The goal of this task is to evaluate systems for the detection of sound events that use softly labeled data for training in addition to other types of data such as weakly labeled, unlabeled or strongly labeled. The main focus of this subtask is to investigate whether using soft labels brings any improvement in performance.

Challenge has ended. Full results for this task can be found in the Results page.

If you are interested in the task, you can join us on the dedicated slack channel

Description

This task is a subtopic of the Sound event detection task (task 4) which provides for training weakly labeled data (without timestamps), strongly-labeled synthetic data (with timestamps) and unlabeled data.

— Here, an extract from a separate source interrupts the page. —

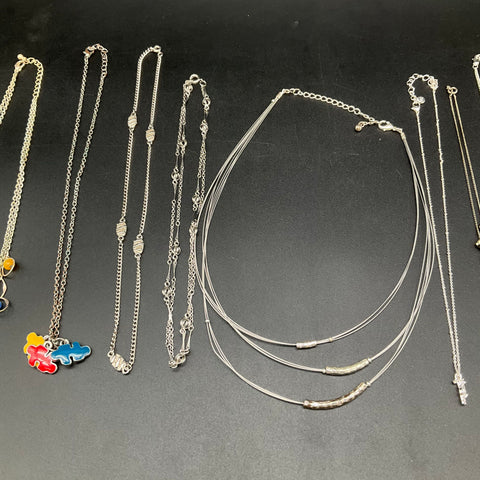 Vintage to Modern Costume Jewelry Lot 14 Necklaces Silver Tone Angel Heart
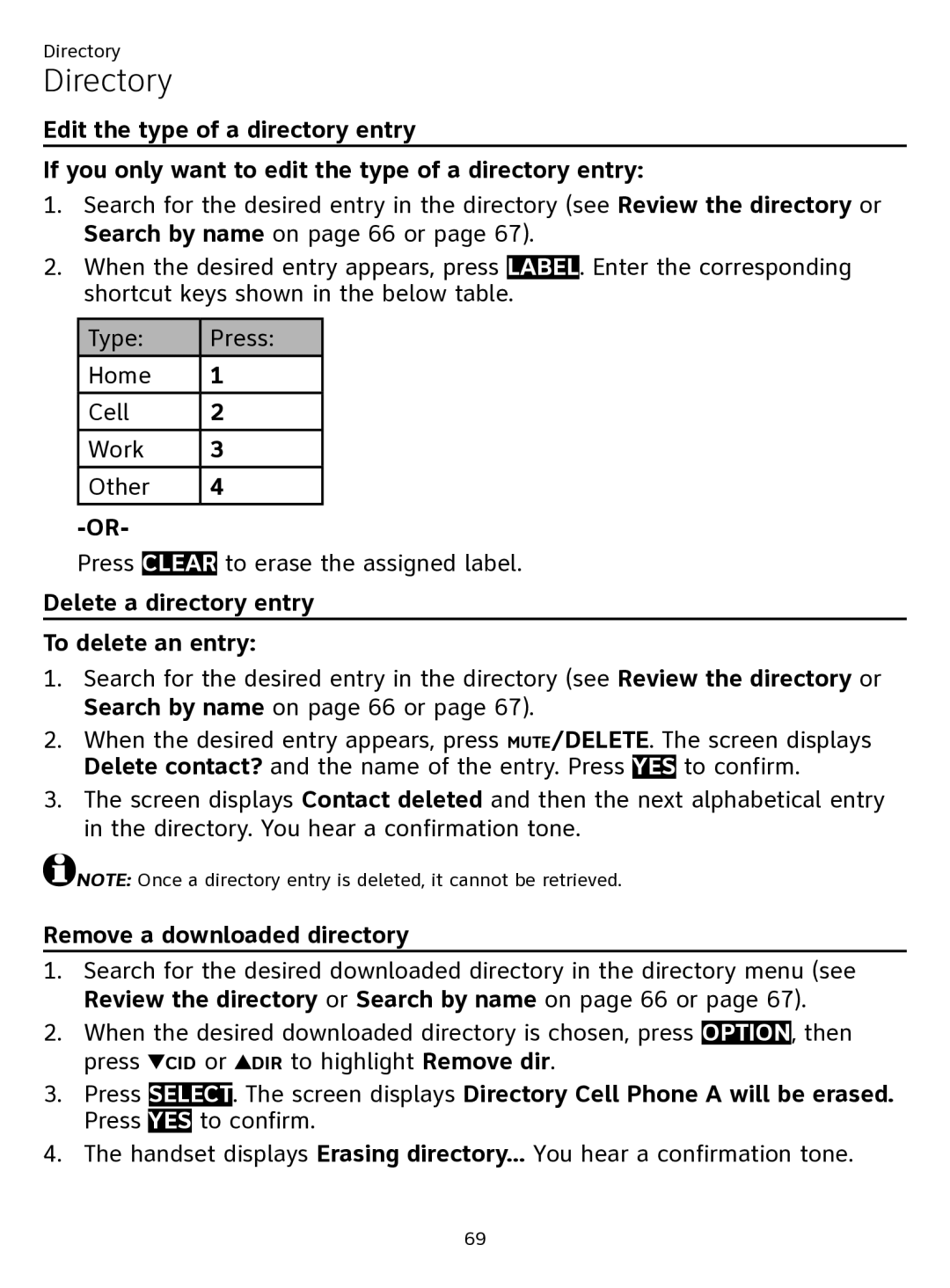 AT&T ATTTL92273 user manual Delete a directory entry To delete an entry, Remove a downloaded directory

The target of the systems is to provide not only the event class but also the event time localization given that multiple events can be present in an audio recording (see also Fig 1).

Specific to this subtask is another type of training data:

Soft labels provided as a number between 0 and 1 that characterize the certainty of human annotators for the sound at that specific time
The temporal resolution of the provided data is 1 second (due to the annotation procedure)
Systems will be evaluated against hard labels, obtained by thresholding the soft labels at 0.5; anything above 0.5 is considered 1 (sound active), anything below 0.5 is considered 0 (sound inactive)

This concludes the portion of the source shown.